***** RECORD EXTRACTS
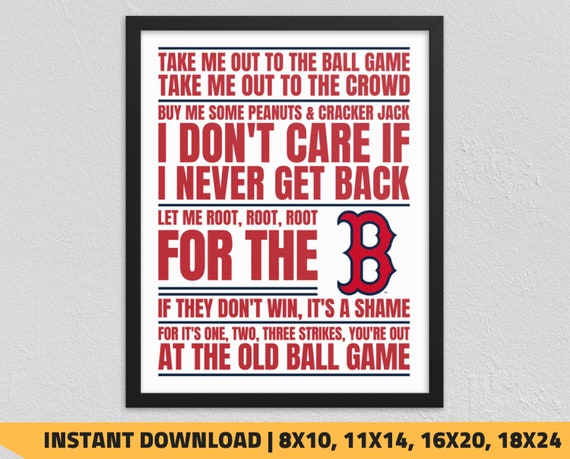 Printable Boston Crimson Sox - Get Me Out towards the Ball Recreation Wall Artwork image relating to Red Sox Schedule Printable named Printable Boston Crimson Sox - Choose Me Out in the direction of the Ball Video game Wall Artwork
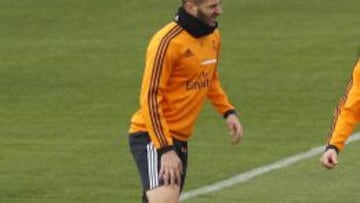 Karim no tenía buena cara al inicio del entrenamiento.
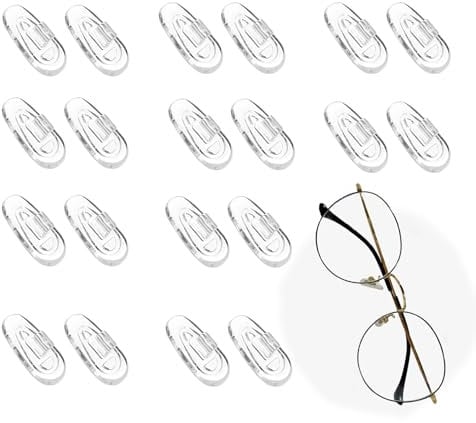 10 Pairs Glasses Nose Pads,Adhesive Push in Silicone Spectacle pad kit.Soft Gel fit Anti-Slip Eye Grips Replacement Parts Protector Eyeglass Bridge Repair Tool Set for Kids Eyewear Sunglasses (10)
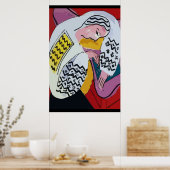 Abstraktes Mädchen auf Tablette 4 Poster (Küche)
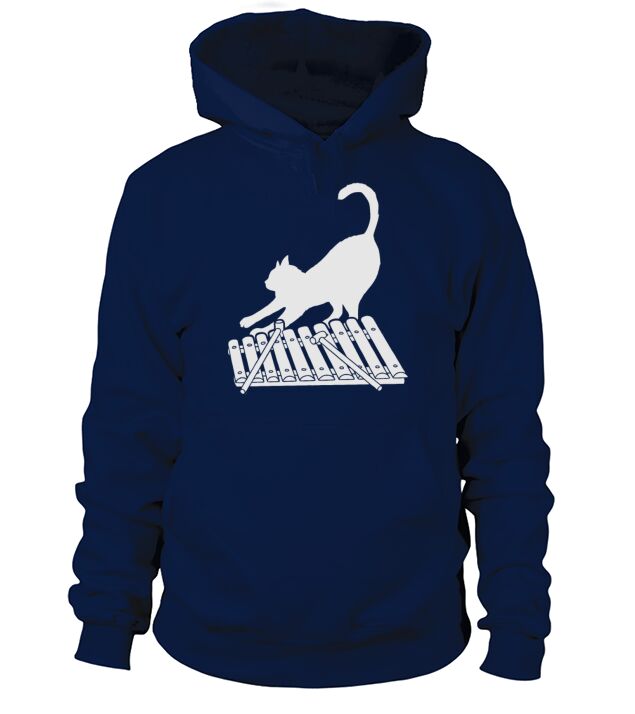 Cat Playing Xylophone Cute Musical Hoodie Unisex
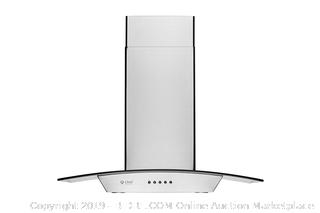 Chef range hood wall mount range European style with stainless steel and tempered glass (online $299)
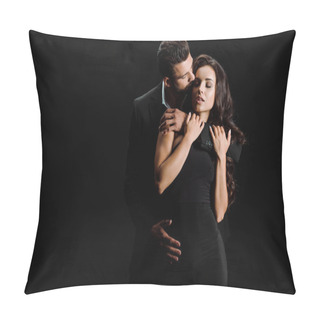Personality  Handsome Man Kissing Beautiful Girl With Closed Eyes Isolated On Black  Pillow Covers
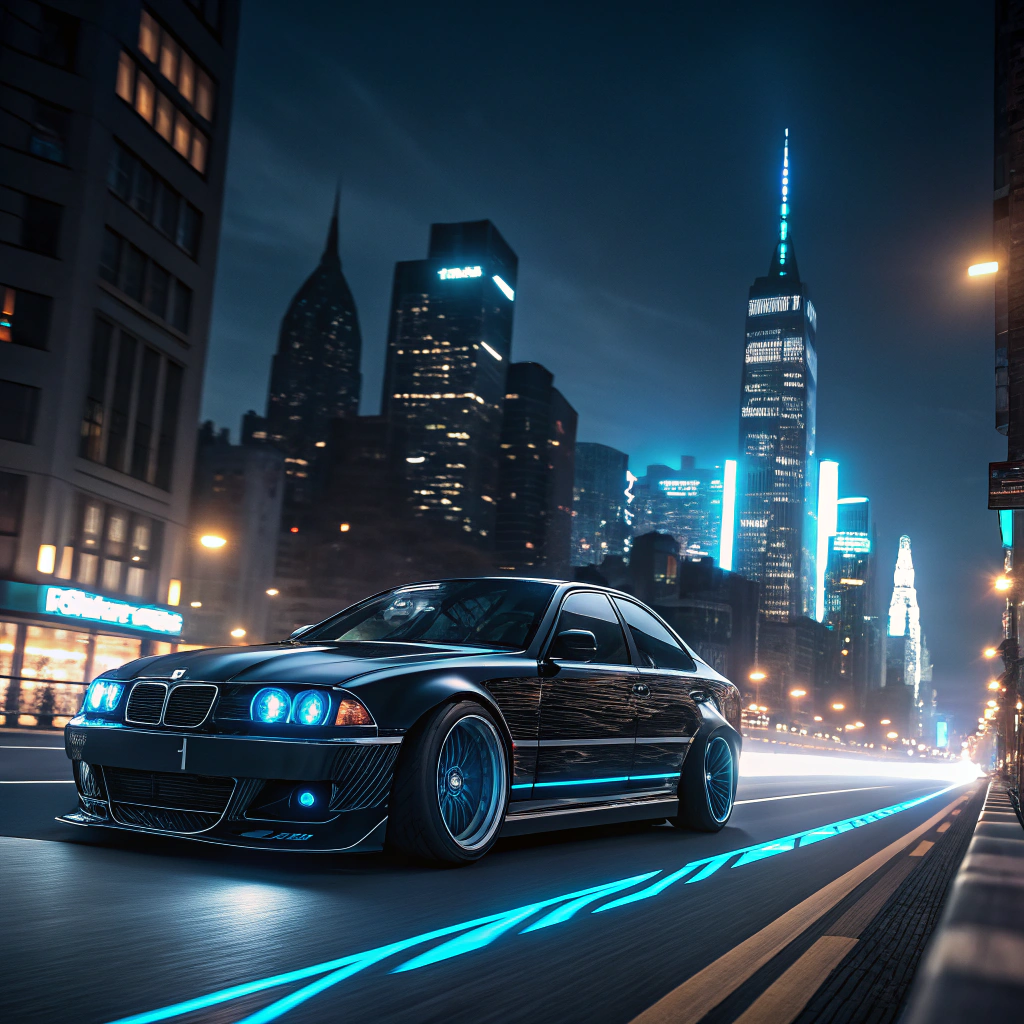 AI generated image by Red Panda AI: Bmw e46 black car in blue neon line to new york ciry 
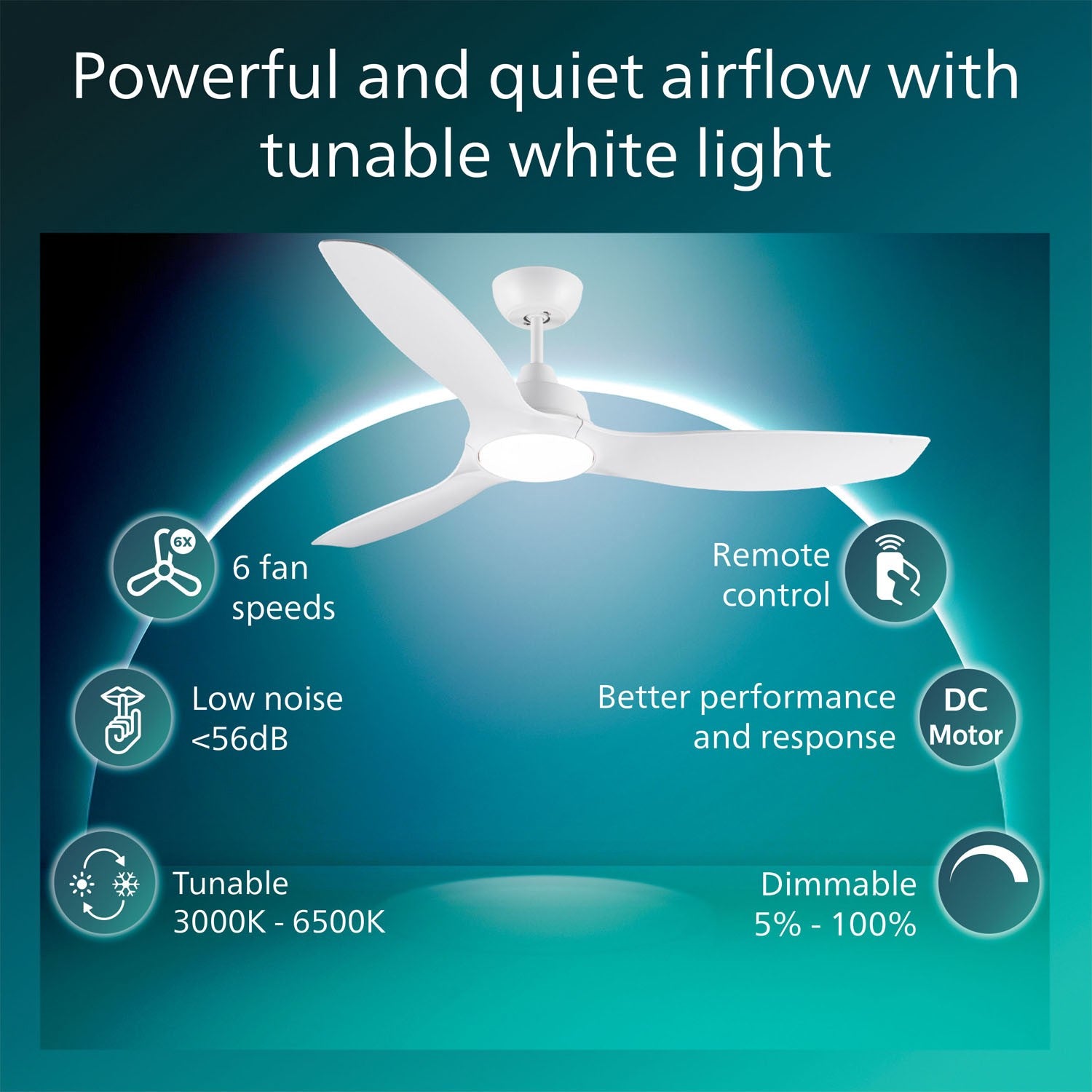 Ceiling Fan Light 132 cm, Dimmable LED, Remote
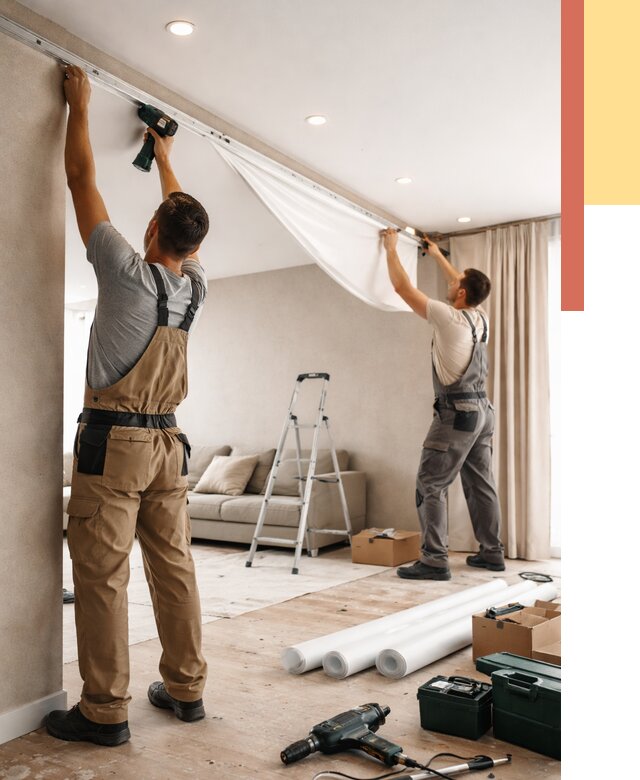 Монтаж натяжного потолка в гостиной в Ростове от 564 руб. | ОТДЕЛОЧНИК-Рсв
**********
_GOAL OF THE EXERCISE_. An exact retyping of the entries, without images, is the required answer.

_SOLVED PROBLEM_.
 Printable Boston Crimson Sox - Get Me Out towards the Ball Recreation Wall Artwork image relating to Red Sox Schedule Printable named Printable Boston Crimson Sox - Choose Me Out in the direction of the Ball Video game Wall Artwork
 Karim no tenía buena cara al inicio del entrenamiento.
 10 Pairs Glasses Nose Pads,Adhesive Push in Silicone Spectacle pad kit.Soft Gel fit Anti-Slip Eye Grips Replacement Parts Protector Eyeglass Bridge Repair Tool Set for Kids Eyewear Sunglasses (10)
 Abstraktes Mädchen auf Tablette 4 Poster (Küche)
 Cat Playing Xylophone Cute Musical Hoodie Unisex
 Chef range hood wall mount range European style with stainless steel and tempered glass (online $299)
Personality  Handsome Man Kissing Beautiful Girl With Closed Eyes Isolated On Black  Pillow Covers
 AI generated image by Red Panda AI: Bmw e46 black car in blue neon line to new york ciry 
 Ceiling Fan Light 132 cm, Dimmable LED, Remote
 Монтаж натяжного потолка в гостиной в Ростове от 564 руб. | ОТДЕЛОЧНИК-Рсв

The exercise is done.